HyperLook was a PostScript-based user interface development environment for the NeWS window system, which Arthur van Hoff created at the Turing Institute in Glasgow. http://www.donhopkins.com/home/catalog/hyperlook/
I helped develop HyperLook into a commercial product, with a editable user interface development environment, as well as a redistributable non-editable runtime, and I used it to port SimCity to Unix, and develop other components and applications . http://www.donhopkins.com/home/catalog/hyperlook/ http://www.donhopkins.com/home/catalog/hyperlook/HyperLook-SimCity.gif
HyperLook was inspired by HyperCard, but it additionally provided a client/server programming model, and more powerful graphics and scripting based on NeWS's object oriented dialect of PostScript. http://www.donhopkins.com/home/catalog/hyperlook/TalkInterfacing.gif
The NeWS window system was like AJAX, but with:
1) PostScript code instead of JavaScript code
2) PostScript graphics instead of DHTML graphics, and
3) PostScript data instead of XML data.
It had a unified programming/graphics/data/networking model based on NeWS's extended multi-threaded object-oriented dialect of PostScript, instead of a hodge-podge of accidental technologies. (Although I will be the first to admit the X11/NeWS merge was quite a hodge-podge and huge-kludge!) NeWS had an object system based on the simple dynamic ideas of Smalltalk, implemented with the PostScript dictionary stack, supporting multiple inheritance and runtime modification of objects and classes. http://www.donhopkins.com/home/catalog/hyperlook/HyperLookInfo10.g
Take a look and feel free: http://www.PieMenu.com
HyperCard was always one of those languages people talked about that sounded made-up to me.

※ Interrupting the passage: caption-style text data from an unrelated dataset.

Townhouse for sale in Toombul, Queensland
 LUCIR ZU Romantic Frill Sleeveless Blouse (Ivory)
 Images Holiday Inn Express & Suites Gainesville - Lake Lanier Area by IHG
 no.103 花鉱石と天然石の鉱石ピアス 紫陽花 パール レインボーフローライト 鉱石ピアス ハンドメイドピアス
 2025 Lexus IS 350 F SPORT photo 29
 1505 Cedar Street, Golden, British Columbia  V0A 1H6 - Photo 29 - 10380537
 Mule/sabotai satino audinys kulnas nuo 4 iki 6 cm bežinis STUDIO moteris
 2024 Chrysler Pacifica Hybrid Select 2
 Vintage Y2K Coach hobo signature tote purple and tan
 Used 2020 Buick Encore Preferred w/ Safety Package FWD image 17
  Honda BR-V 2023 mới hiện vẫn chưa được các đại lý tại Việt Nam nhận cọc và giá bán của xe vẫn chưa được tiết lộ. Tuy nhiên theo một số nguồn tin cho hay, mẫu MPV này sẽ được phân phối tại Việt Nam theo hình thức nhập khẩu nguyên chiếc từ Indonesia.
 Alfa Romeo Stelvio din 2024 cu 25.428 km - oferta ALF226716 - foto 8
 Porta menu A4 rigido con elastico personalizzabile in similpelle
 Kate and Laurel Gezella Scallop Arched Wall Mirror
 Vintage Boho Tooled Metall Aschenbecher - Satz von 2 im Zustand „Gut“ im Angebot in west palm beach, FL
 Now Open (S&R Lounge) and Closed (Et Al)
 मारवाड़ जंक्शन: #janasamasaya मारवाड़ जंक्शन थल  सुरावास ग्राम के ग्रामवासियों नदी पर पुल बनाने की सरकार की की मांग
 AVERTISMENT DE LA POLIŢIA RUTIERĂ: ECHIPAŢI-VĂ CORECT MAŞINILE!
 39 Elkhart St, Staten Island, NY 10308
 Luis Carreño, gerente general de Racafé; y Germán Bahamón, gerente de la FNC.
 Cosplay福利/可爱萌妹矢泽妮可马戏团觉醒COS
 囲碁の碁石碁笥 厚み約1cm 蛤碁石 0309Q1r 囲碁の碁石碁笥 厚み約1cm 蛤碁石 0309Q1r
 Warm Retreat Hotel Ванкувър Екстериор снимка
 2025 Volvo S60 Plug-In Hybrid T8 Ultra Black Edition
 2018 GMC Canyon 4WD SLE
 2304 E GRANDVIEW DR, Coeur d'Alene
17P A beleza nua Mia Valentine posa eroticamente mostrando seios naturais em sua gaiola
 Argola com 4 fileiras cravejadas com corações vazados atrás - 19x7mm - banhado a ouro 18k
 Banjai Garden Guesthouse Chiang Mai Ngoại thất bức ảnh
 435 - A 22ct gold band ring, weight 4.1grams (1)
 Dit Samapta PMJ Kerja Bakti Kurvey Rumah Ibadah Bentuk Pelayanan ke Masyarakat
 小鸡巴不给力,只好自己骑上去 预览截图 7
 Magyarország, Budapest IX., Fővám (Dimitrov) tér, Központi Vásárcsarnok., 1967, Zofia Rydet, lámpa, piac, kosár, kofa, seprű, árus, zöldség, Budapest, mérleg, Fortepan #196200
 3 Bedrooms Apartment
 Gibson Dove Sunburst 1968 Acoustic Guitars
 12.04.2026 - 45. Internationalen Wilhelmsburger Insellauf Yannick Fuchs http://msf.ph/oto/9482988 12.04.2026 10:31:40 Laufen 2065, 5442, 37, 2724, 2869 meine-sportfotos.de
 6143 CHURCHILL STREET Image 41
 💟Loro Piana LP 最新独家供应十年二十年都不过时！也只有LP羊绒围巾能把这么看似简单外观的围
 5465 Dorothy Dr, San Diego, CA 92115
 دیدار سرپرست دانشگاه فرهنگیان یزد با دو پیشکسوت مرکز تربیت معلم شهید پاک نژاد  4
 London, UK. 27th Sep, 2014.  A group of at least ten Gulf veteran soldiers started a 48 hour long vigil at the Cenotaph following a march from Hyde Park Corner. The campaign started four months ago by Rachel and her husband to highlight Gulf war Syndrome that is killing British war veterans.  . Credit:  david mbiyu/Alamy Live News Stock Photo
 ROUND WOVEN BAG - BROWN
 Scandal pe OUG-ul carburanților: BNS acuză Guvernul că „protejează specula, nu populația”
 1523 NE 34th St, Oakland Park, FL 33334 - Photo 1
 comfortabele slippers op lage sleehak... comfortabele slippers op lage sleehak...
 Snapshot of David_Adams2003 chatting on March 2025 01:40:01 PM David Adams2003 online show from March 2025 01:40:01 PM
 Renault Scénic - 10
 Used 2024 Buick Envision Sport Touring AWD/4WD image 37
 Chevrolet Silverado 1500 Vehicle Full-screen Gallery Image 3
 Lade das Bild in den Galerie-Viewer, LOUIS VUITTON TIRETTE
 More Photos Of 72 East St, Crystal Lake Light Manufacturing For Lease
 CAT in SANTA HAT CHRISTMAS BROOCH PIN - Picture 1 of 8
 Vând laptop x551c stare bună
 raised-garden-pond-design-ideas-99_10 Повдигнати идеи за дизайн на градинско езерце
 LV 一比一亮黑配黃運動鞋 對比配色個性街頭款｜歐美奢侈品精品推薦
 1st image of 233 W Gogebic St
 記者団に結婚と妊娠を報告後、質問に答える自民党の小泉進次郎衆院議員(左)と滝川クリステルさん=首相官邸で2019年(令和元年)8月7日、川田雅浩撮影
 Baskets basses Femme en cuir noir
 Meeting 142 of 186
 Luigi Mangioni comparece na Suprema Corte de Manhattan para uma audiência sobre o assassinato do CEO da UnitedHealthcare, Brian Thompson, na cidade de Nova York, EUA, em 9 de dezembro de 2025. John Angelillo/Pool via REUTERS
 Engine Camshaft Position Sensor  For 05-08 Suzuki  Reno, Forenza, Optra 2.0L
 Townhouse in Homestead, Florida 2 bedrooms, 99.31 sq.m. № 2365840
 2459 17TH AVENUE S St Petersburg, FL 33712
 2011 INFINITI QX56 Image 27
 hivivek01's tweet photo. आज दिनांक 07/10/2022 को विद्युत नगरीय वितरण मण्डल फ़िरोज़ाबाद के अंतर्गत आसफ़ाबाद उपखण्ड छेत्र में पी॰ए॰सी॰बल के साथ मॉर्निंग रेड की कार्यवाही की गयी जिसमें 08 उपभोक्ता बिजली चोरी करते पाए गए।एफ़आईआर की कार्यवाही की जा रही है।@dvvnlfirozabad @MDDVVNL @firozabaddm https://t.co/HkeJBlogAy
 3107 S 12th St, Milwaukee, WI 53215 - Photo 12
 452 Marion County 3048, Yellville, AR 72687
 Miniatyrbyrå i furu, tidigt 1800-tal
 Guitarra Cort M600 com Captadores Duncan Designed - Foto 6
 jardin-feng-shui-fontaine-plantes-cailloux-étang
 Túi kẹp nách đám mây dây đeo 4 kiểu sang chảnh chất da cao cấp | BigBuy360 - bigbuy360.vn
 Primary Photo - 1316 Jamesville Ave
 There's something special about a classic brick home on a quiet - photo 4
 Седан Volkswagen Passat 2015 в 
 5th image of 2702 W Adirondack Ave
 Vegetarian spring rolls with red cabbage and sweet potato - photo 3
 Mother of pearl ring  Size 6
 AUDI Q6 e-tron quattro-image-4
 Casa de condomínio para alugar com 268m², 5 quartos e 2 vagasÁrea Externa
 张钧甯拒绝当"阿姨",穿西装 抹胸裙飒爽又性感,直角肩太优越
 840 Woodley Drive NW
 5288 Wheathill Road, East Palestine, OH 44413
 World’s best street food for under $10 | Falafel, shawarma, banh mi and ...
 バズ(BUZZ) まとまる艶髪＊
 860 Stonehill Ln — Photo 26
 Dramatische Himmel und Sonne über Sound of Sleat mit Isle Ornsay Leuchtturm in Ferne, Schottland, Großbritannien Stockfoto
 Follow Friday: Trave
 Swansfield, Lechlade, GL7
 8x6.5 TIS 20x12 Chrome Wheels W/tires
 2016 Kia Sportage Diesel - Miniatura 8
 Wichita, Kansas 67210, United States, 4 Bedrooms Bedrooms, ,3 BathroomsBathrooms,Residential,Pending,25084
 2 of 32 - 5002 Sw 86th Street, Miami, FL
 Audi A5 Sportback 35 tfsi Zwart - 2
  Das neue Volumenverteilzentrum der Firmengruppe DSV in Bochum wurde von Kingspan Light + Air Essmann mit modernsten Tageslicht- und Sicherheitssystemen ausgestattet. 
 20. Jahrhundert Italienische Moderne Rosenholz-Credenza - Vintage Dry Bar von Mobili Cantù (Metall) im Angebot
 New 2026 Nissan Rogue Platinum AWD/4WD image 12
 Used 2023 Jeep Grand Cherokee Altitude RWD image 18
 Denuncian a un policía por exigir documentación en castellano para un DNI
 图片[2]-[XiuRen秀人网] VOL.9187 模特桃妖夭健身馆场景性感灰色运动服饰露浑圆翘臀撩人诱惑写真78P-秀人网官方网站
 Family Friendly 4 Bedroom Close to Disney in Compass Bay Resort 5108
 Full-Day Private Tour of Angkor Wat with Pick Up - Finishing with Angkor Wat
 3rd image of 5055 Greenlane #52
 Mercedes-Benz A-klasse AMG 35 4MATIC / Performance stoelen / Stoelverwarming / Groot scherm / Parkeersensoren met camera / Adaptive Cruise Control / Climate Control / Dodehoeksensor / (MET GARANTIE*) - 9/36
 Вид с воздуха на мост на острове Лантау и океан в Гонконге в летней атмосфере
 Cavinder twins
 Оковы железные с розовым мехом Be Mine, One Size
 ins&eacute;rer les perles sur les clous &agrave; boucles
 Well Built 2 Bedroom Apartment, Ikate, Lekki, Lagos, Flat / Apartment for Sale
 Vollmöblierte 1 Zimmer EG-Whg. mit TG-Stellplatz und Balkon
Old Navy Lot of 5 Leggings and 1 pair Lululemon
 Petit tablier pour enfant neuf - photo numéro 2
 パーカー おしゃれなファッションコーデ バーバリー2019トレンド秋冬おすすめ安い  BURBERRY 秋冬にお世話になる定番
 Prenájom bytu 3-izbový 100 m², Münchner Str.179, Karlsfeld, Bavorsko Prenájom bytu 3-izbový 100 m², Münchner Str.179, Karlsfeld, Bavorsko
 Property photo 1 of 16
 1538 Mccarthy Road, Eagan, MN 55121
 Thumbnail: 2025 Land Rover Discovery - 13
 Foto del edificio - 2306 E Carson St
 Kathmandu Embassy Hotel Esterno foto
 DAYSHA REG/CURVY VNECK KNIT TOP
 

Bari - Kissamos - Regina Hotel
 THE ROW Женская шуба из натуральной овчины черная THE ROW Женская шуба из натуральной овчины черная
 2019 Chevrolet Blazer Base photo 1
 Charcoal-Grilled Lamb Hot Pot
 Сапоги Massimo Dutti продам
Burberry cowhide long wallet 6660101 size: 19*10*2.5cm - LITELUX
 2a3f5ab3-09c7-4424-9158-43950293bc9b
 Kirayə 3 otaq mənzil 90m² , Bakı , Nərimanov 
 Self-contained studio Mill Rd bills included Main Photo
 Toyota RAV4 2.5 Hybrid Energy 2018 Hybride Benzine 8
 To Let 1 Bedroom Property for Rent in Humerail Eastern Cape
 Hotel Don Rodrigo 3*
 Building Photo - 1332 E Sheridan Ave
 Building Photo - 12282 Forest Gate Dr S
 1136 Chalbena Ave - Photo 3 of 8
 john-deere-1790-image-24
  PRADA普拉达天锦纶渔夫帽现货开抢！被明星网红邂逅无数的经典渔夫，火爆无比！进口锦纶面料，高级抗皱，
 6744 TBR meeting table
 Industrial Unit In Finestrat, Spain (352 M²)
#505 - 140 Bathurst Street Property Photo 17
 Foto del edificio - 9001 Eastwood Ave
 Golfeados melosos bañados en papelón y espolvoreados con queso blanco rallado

What's an "Internet browser"?
He could have invented a "web browser" easily enough without an "internet" - just having a few computers would have worked just fine.
Max.
hypercard did connect to networks by way of developer written "xcmds". There were usenet, gopher, rpc, ftp, telnet, wais xcmds. There was a project called "spider" from ATG that did link hypercard across a network. However, the ecosystem of network computers was so small in the mid 80's it did not flourish.
It was so easy to use and the program language was incredibly flexible and you could write almost english like statements with it.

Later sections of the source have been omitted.